The void space is filled with meanings. On this walk I’ve been drawn to the vernacular religious interactions with space; more suggested themselves – a grove with a shamanic space; a bed of needles for a smack swami; concealed, illuminated interior worlds; pathways into the unknown; and an icon of a postmodern Anubis: technicolour pug doggo. Credo!

I should make clear I’m not seeking to romanticise nor diminish the everyday challenges faced by the people who congregate round the Warehouse. They are not homogeneous and should not be thought of as such. Certainly, the substance users whose addictions leave material reminders all around the site have lives blighted by austerity and a lack of public will to address their convergent and interrelated needs. But whilst their substance use patterns their social networks and the stigma that they – and the places associated with them – experience it does not negate what they share with all of us. Instead, what I hope to suggest is that amidst lives and lifestyles that are depicted as problematic or, indeed, a threat to public order there are strands of meaning that are shared across the fields of the social.
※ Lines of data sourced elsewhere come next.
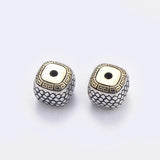 Vintage 925 Silver Lucky Symbol Beads Square DIY Jewelry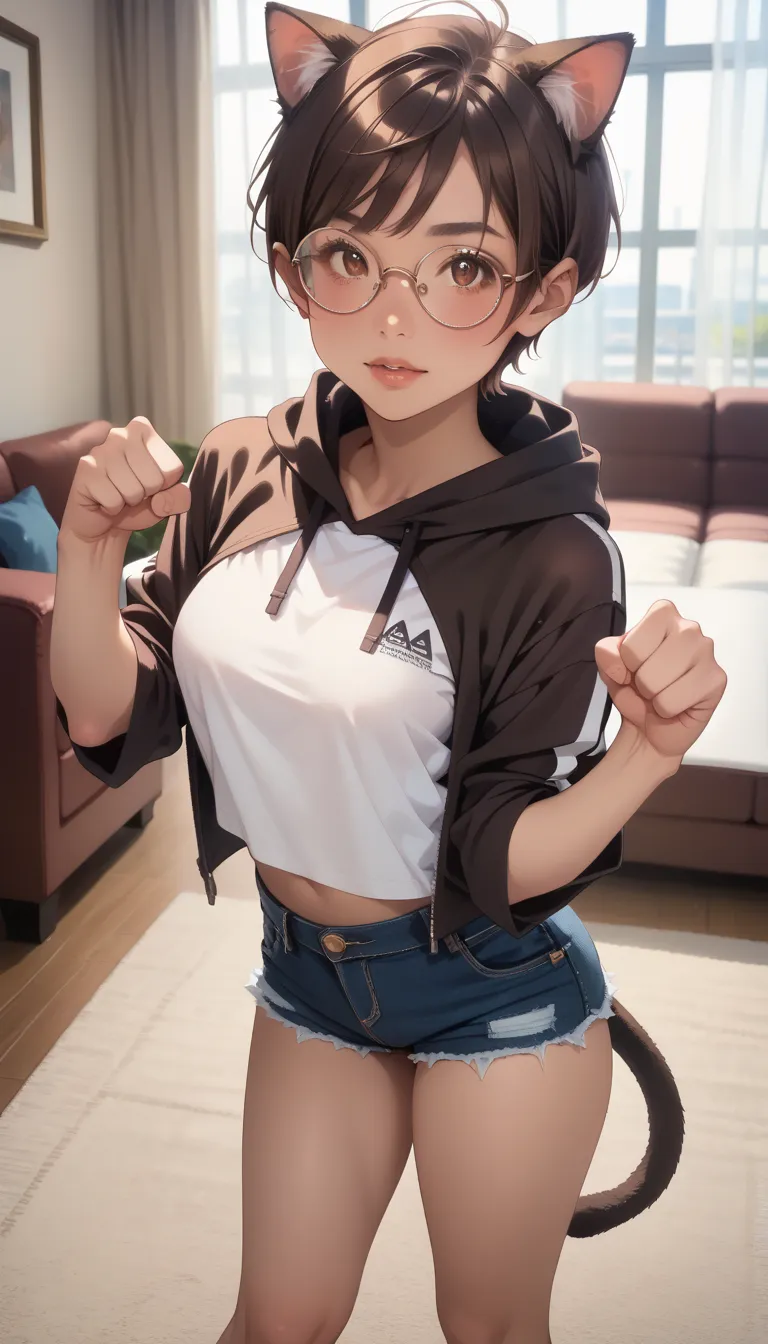 score_9, score_8_up, score_7_up, Realistic:1.1, realistic face and eyes:1.2, Realistic skin:1.3, 1girl, Japanese idol photos, Beautiful young idol, cosplayer, Perfect model body shape., tomboy, (very short hair, pixie cut, Brown Hair), circle-glasses, (((C...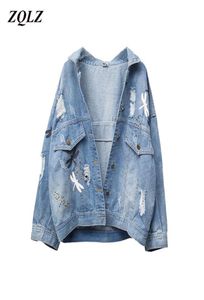 ZQLZ Plus Size 5XL Autumn Denim Jacket Women 2020 New Embroidery Patterm LapelルーズジーンズコートThin Spring Jackets Womens5476364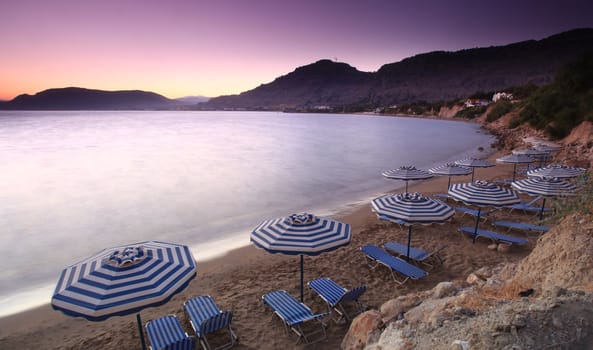 Sunset over Pefkos beach in Rhodes in Greece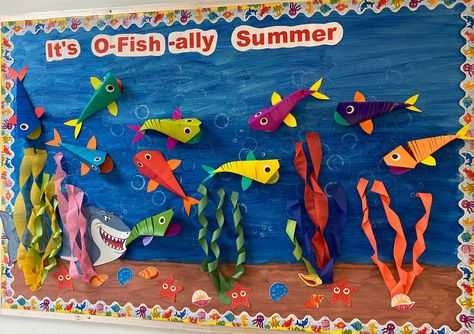 Pirate Bulletin Boards, Fish Bulletin Boards, Bulletin Board For Preschool, Beach Bulletin Boards, Summer Boards, Ocean Bulletin Board, Summer Bulletin Board, Creative Bulletin Boards, Acorn Cookies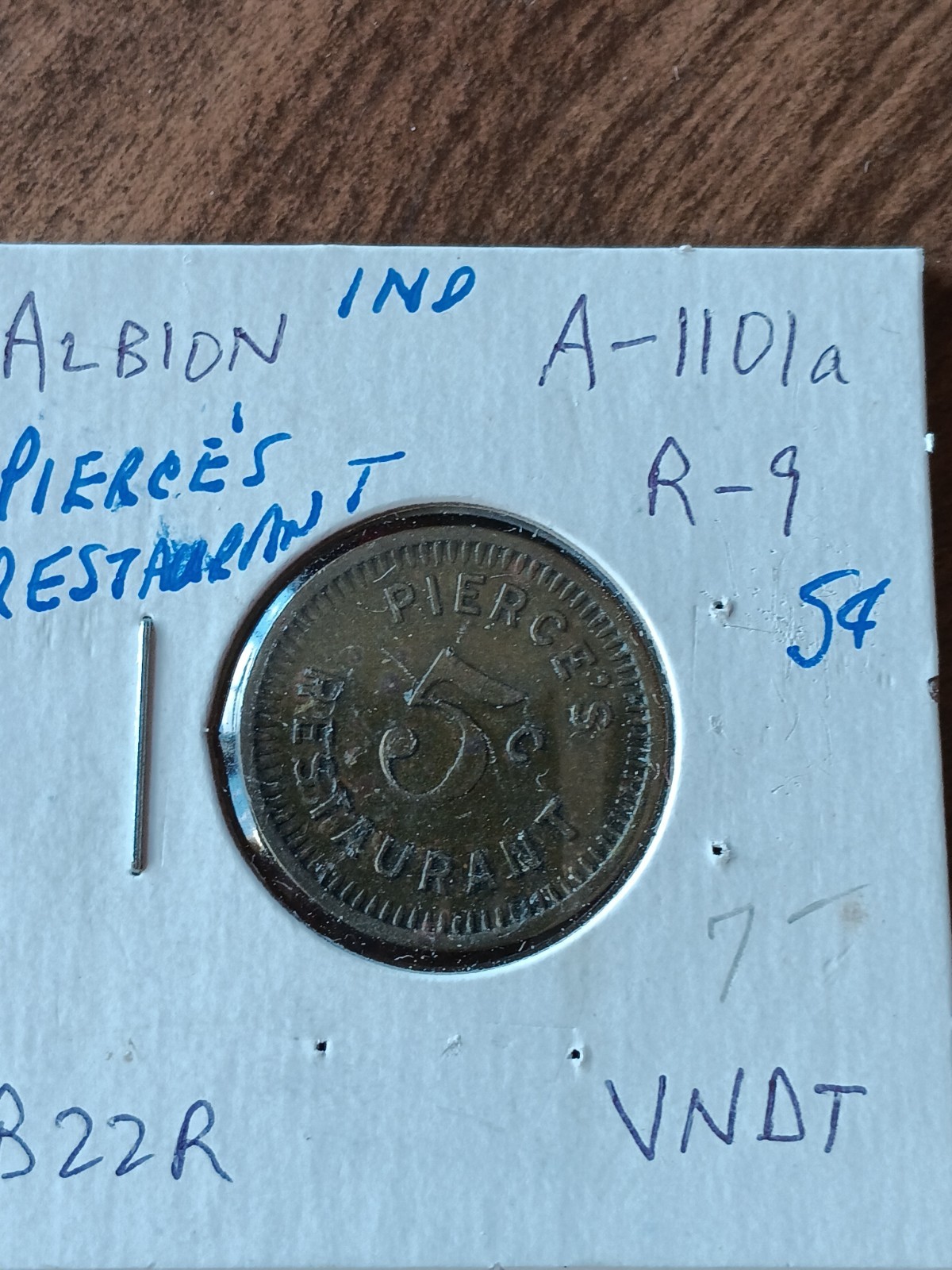 Albion IN, Pierce's Restaurant 5c Token
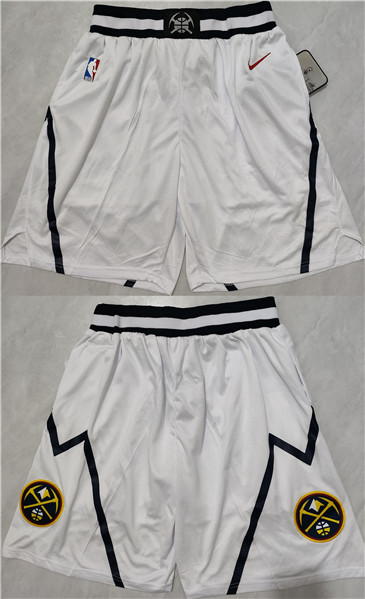 Men's Denver Nuggets White Shorts (Run Smaller)
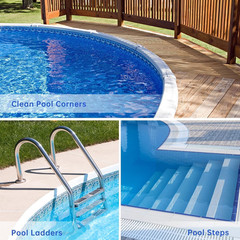 Pool Brush Head | 18&Prime; Heavy Duty Floor Brush | Stainless Steel Brush | Metal Poo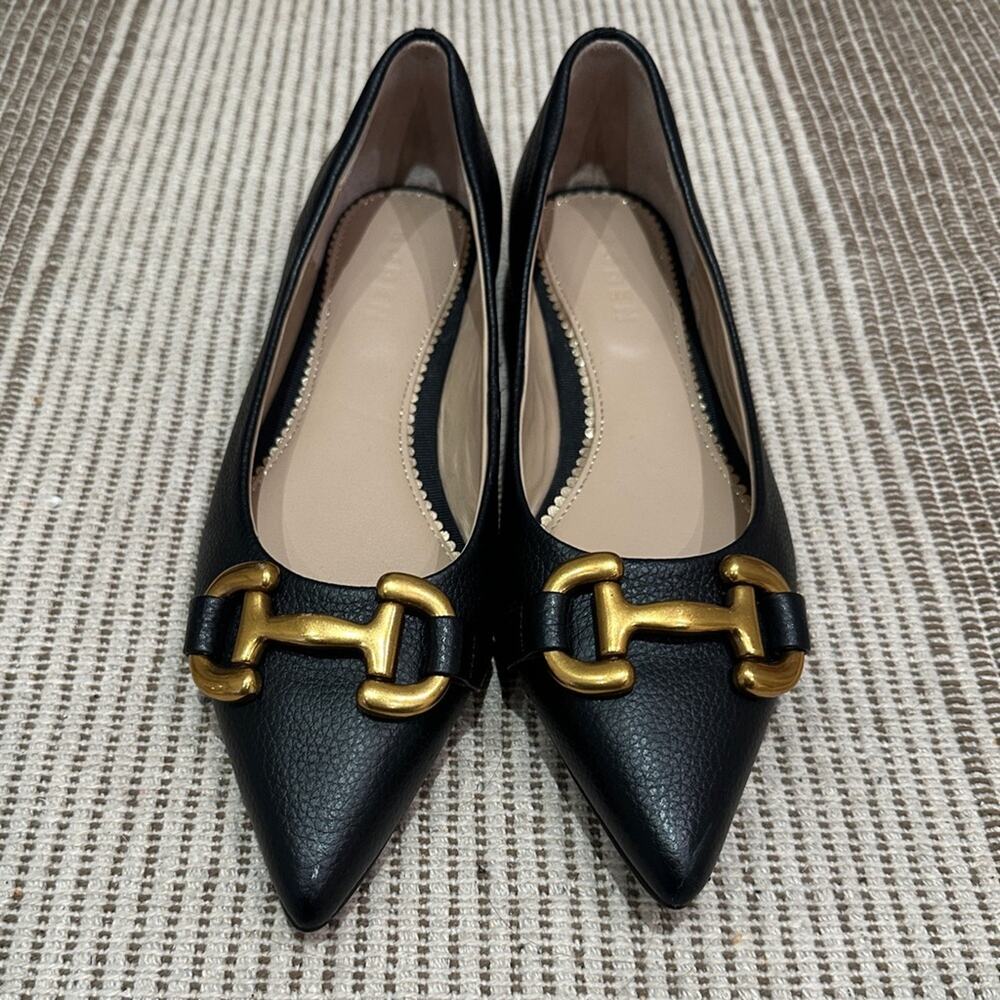 Boden Snaffle Black Pebbled Leather Flats with Gold Buckle Pointed Toe 5.5 36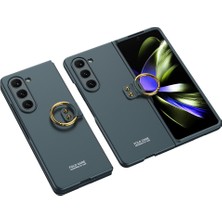 Galaxy Z Fold 5 Kılıf Hesaplı Dünya Kıpta Yüzüklü Flip Sert Kılıf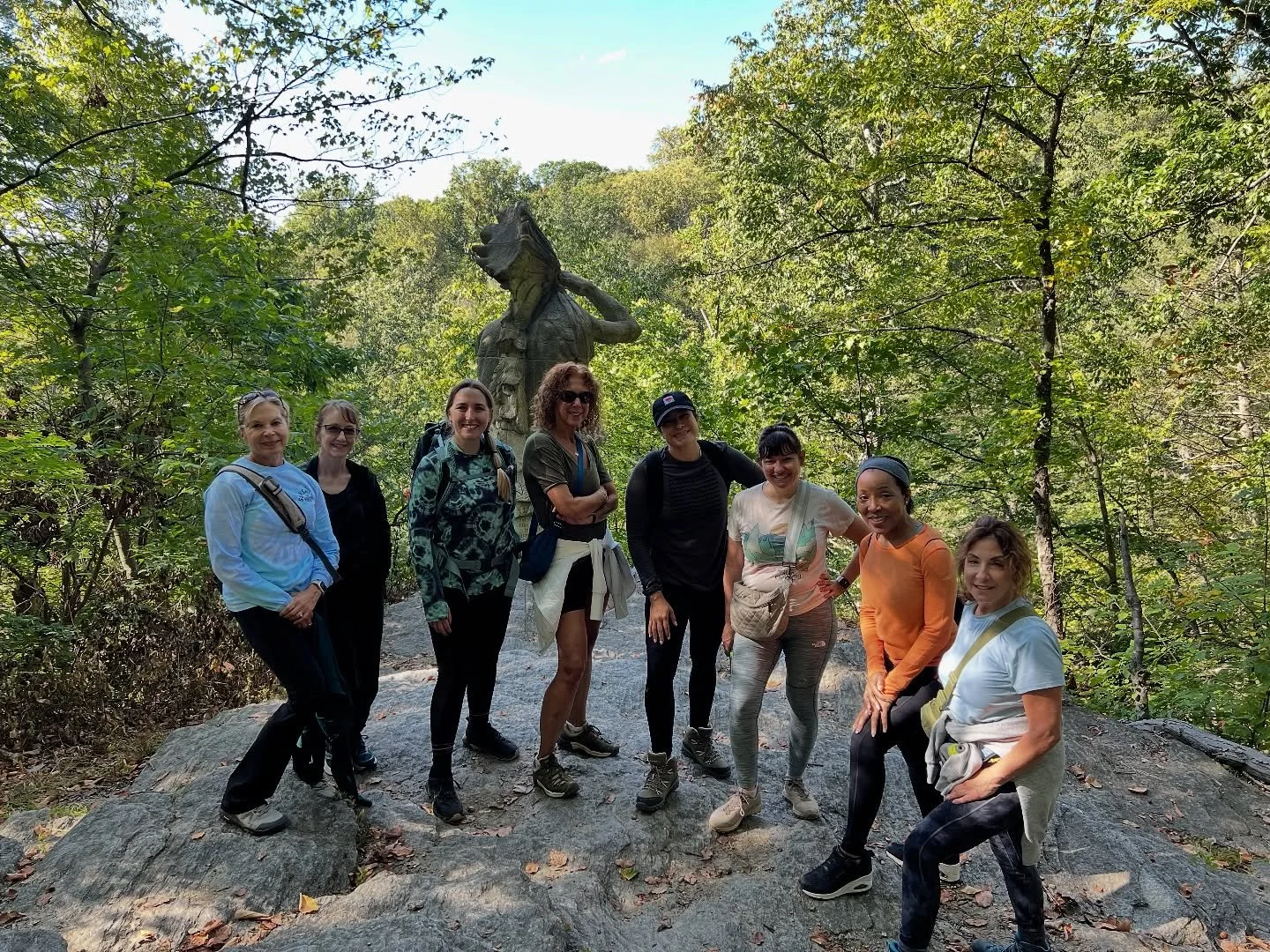 Scenes from September&rsquo;s Sunshine Hike to the Teedyuscung statue! 

Two more hikes this Fall:
Saturday 10/18
Saturday 11/15

Click the link in bio to learn more &amp; sign up!

#fallhikes #sunshinehikesphl #mindfulhiking #phillyphilly #phillyyog
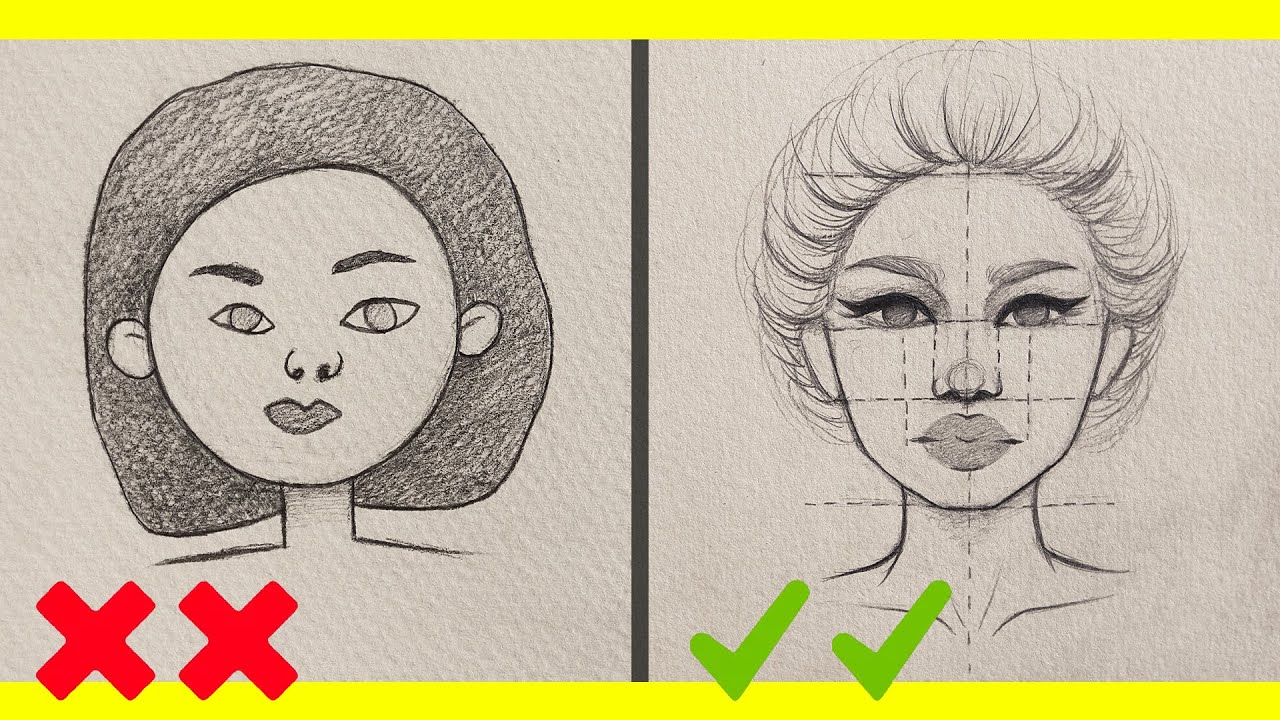 تعلم الرسم : اخطاءك في رسم نسب الوجه وكيف ترسمها بشكل صحيح | رسم بورتريه بالرصاص للمبتدئين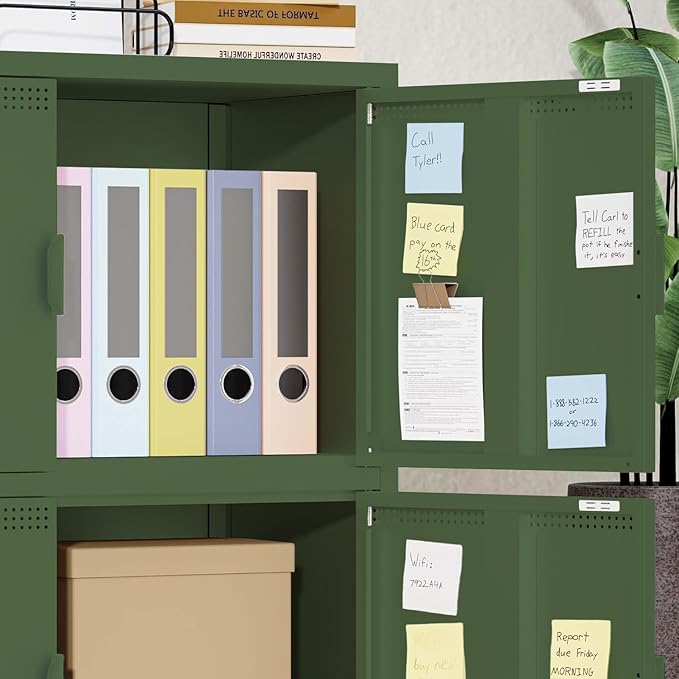 Metal Locker Storage Cabinet with 4 Doors and 3 Shelves，39.96" Tall Steel Office Storage Cabinet for Office,Home,Garage,Gym,School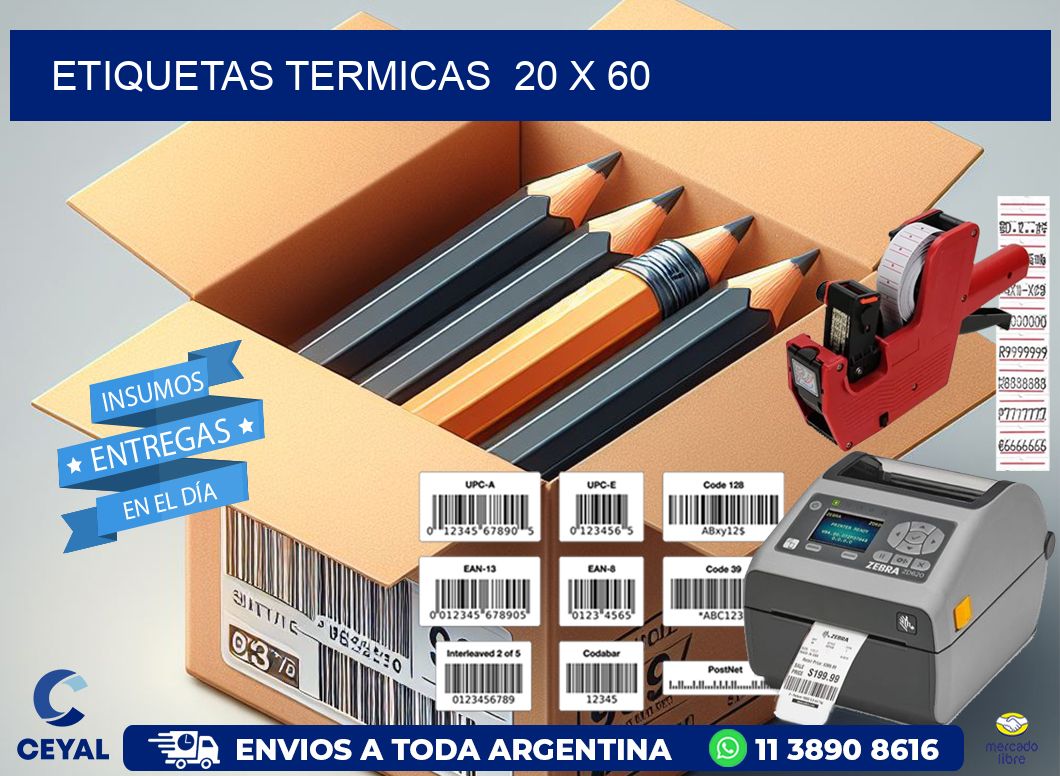 ETIQUETAS TERMICAS  20 x 60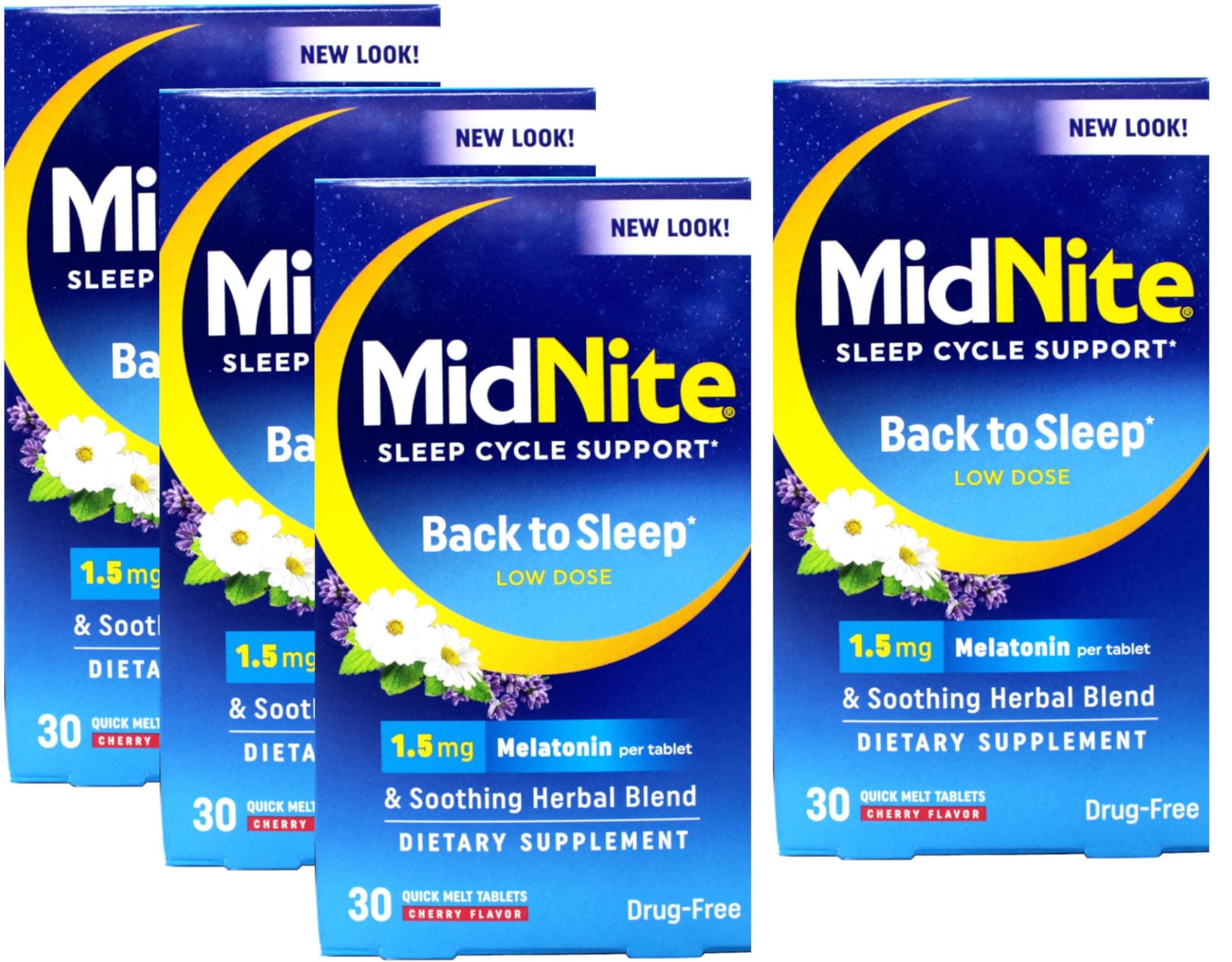 Midnite Sleep Aid for Occasional Sleeplessness, 30 Chewable Cherry Tablets Each (Value Pack of 4)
It may be that this feels like a somewhat weighty place to end a walk in which the city I saw was pieced together from shreds of contingent meaning that I encountered along the way but it was this narrowing down of my vision – this happenstance hyperopia – that allowed some of the meanings apparent in this place to become apparent. It permitted me to see afresh some of the culture that allows this space, blighted by territorial stigmatization, to unburden it and its users of their shared stigma. This is part of the culture of the city, no more and no less than that of the creative class so desired by the planners and managers of postindustrial cities reimaging themselves. The temporary residents and visitors to the postindustrial wastelands of modern cities are always already engaged in the process of reimaging and remaking the spaces around them, making them theirs: places of meaning derived from the organic, the vernacular and resistant to the imposed structures of ordered renewal. A final reminder, borrowed from Phil Smith, ‘Our enemies are not each other. But the homogensation, policing and reduction of multiplicity.’